After intensive cleaning:), I also removed the cleanup tag from August 2005. Gaelle Desbordes 01:41, 14 September 2005 (UTC)

Magazine & Puffery in Discovery chapter[edit]

Although I regard the discovery as immensely important to everyday life (e.g. avoiding the blue light at night time), some expressions in the "Discovery" chapter are way too far from NPOV: "landmark discovery", "obscure science journal", "ground-breaking discoveries", "breakthrough", "spectacular discovery", "trumpeted", "shatters hundreds of years of what science thought", "greatest impact on society"...

While "great minds since Newton, Maxwell, through to Einstein and beyond, could have missed this receptor's existence", which one of them was an ophthalmologist?

"A potential criticism that the responses could have been due to heat would be misplaced ..." is clearly biased.

And, calling the photosensitive ganglion cell a "novel receptor" is a misnomer since it is supposed to be present in humans for ages, isn't it?

Overall, just the first "Brief overview" chapter is fine and factual, the other one is written more like a success story than an encyclopædic entry. What about adding some wavelength-response graph instead?

endless.oblivion (talk) 07:08, 28 May 2011 (UTC)

Extensive editing to language and self-promotion[edit]

Changed much of the language through entire article to bring more into line with encyclopedia standards.

  • Since the puffery appears to have been removed, I shall remove the tag asking for editing.
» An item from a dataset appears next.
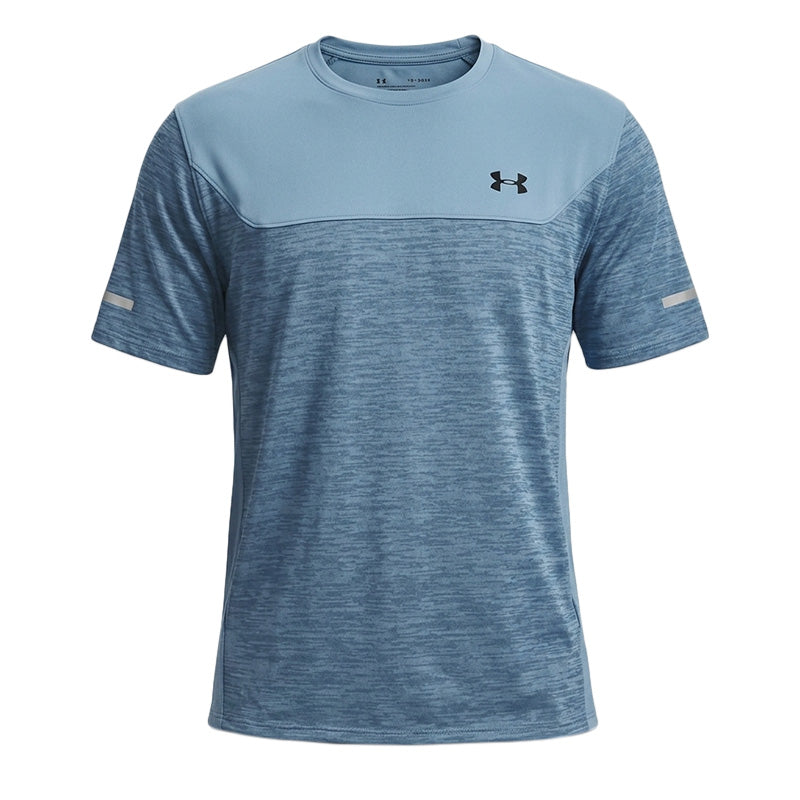 Camiseta Under Armour TECH UTILITY SS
Monado (talk) 23:46, 14 January 2013 (UTC)

Possible role in conscious sight[edit]

There has been a lot more research on this in recent years. There are five new opsins in the human eye, but melanopsin is the star of the show for now. Besides entraining circadian rhythm and regulating pupil constriction, it looks like we have a crude visual system called "Melanopic vision" that runs on ipRGCs. It only works in peripheral vision (outside the central 20 degree diameter), resolution is extremely low, and it has a slow response time measured in seconds. Its function is adjusting brightness and color correction. It shows up in color matching experiments. Zyxwv99 (talk) 04:32, 4 January 2015 (UTC)

Yes, I've seen that hinted at. We'd need a good review for a source, of course. --Hordaland (talk) 09:06, 4 January 2015 (UTC)
Here's one. [1] I have to read through my collection of research papers to see what else is good. Zyxwv99 (talk) 04:22, 5 January 2015 (UTC)
Full text of that paper is at: http://www.pnas.org/content/110/3/E260.full --Hordaland (talk) 18:19, 5 January 2015 (UTC)
Thanks. I still need a few more days to work on this. I have a list of interesting facts about "melanopsin vision" but want to state as fact only those that are generally accepted and supported by multiple studies.Zyxwv99 (talk) 15:47, 6 January 2015 (UTC)
    • ^ Horiguchi, H.; Winawer, J.; Dougherty, R. F.; Wandell, B. A. (2012). "Human trichromacy revisited". Proceedings of the National Academy of Sciences. 110 (3): E260–E269. doi:10.1073/pnas.1214240110. ISSN 0027-8424.